* TASK ITEM: What is needed is an exact copy of every entry below, with the pictures left out.

* EXERCISE INPUTS:
________________
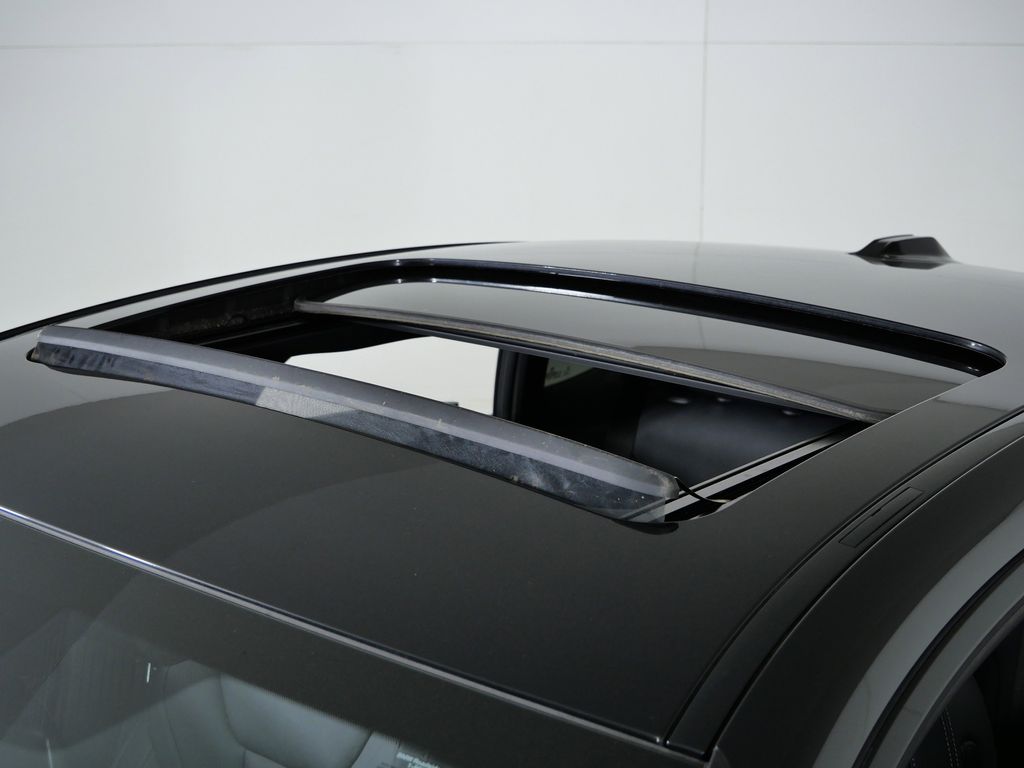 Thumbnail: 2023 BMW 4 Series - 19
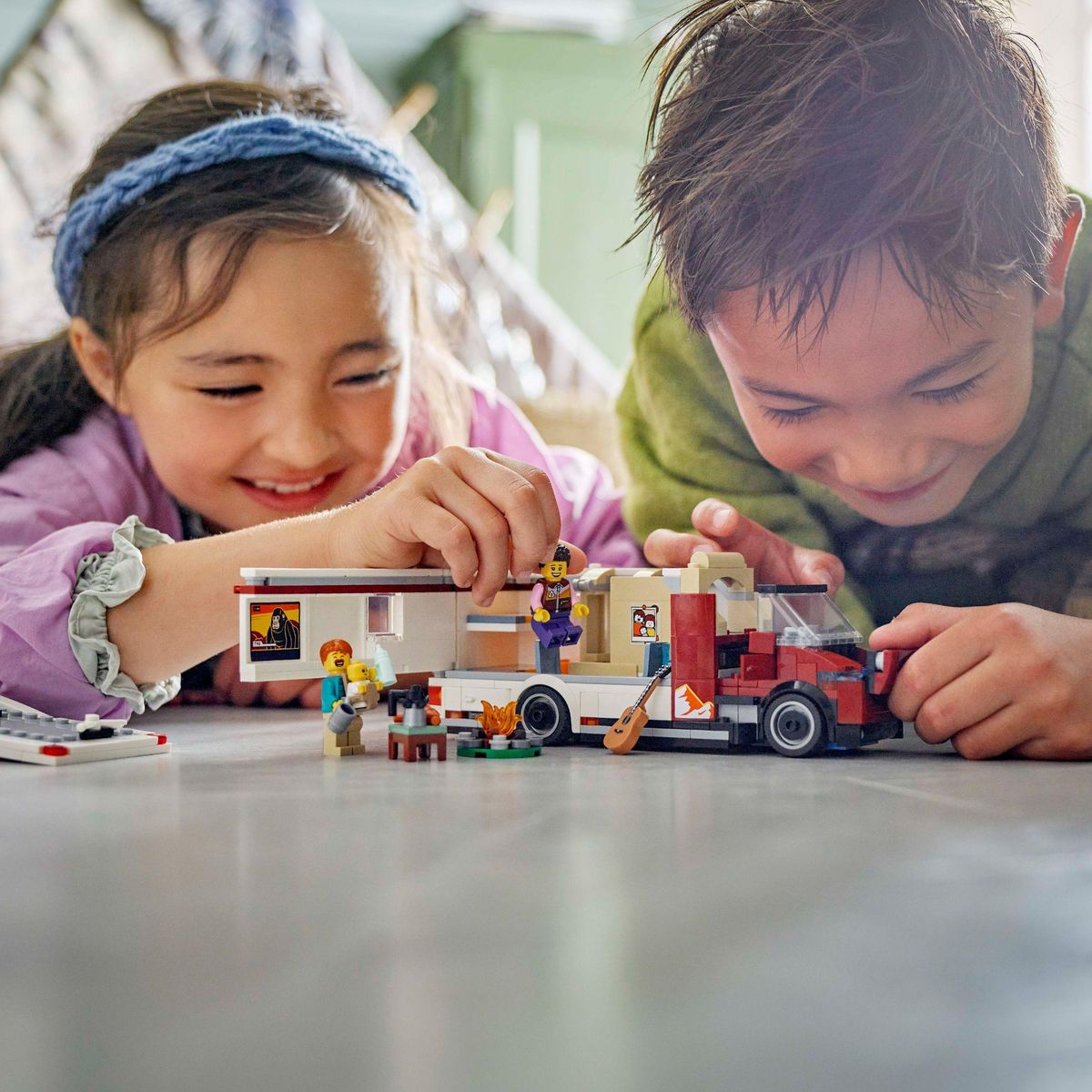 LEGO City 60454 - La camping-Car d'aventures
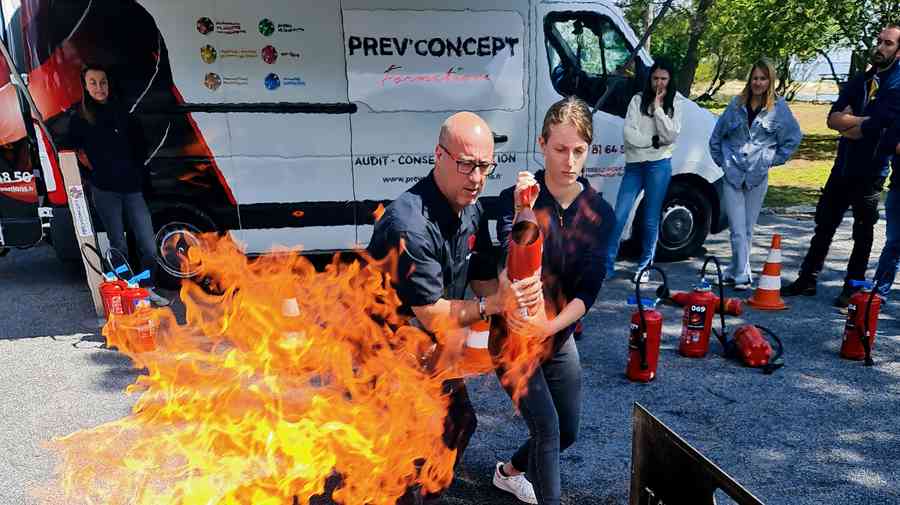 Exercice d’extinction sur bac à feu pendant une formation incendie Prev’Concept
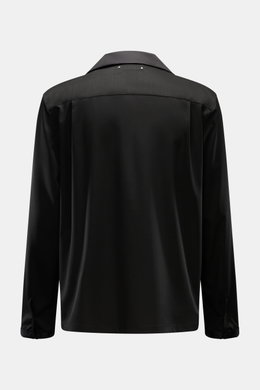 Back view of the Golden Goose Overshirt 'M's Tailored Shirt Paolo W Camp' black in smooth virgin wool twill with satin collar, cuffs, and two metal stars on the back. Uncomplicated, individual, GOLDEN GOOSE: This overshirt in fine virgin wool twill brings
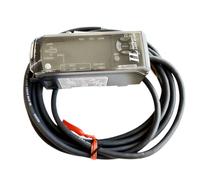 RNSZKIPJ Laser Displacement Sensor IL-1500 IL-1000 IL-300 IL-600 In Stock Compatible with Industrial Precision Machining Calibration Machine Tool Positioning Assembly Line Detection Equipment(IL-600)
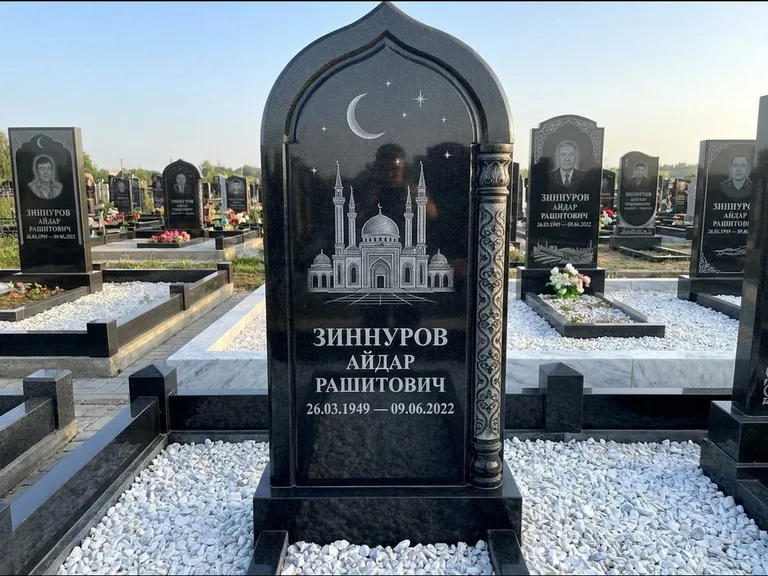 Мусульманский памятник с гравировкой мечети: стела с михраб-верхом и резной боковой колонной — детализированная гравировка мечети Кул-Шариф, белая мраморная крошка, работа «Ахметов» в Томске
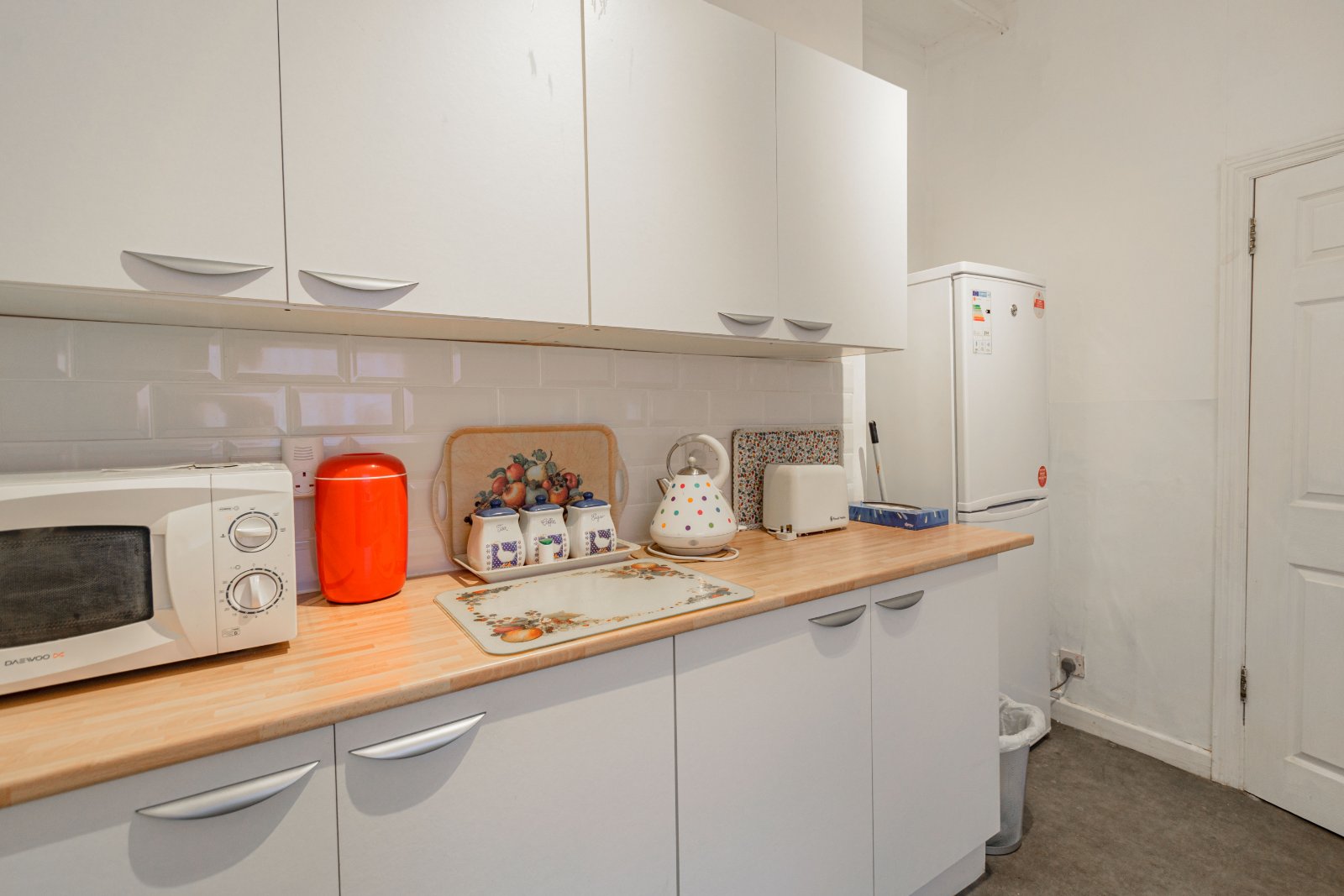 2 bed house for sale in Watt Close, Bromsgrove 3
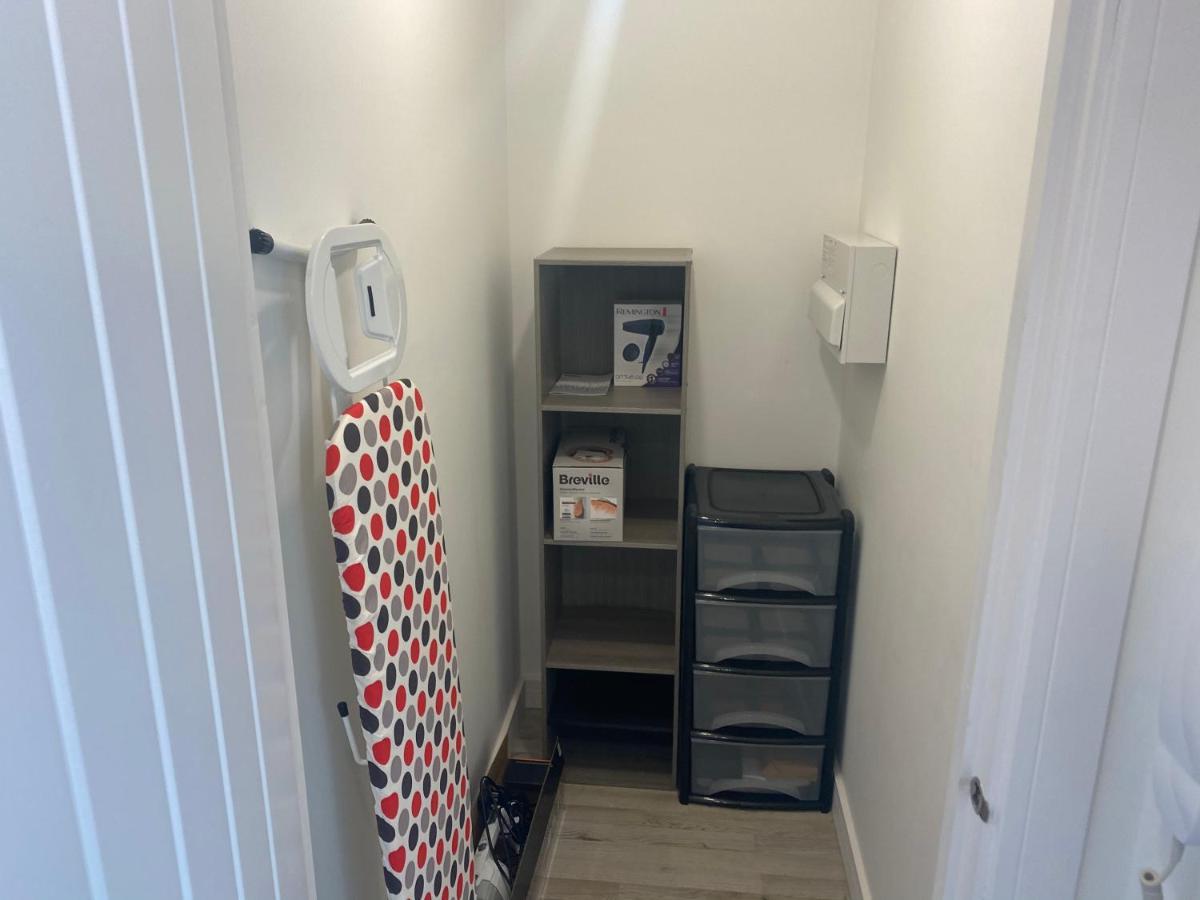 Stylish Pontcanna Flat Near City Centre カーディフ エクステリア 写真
________________
* OUTPUT OF THE EXERCISE:
 Thumbnail: 2023 BMW 4 Series - 19
 LEGO City 60454 - La camping-Car d'aventures
 Exercice d’extinction sur bac à feu pendant une formation incendie Prev’Concept
 Back view of the Golden Goose Overshirt 'M's Tailored Shirt Paolo W Camp' black in smooth virgin wool twill with satin collar, cuffs, and two metal stars on the back. Uncomplicated, individual, GOLDEN GOOSE: This overshirt in fine virgin wool twill brings
 RNSZKIPJ Laser Displacement Sensor IL-1500 IL-1000 IL-300 IL-600 In Stock Compatible with Industrial Precision Machining Calibration Machine Tool Positioning Assembly Line Detection Equipment(IL-600)
 Мусульманский памятник с гравировкой мечети: стела с михраб-верхом и резной боковой колонной — детализированная гравировка мечети Кул-Шариф, белая мраморная крошка, работа «Ахметов» в Томске
 2 bed house for sale in Watt Close, Bromsgrove 3
 Stylish Pontcanna Flat Near City Centre カーディフ エクステリア 写真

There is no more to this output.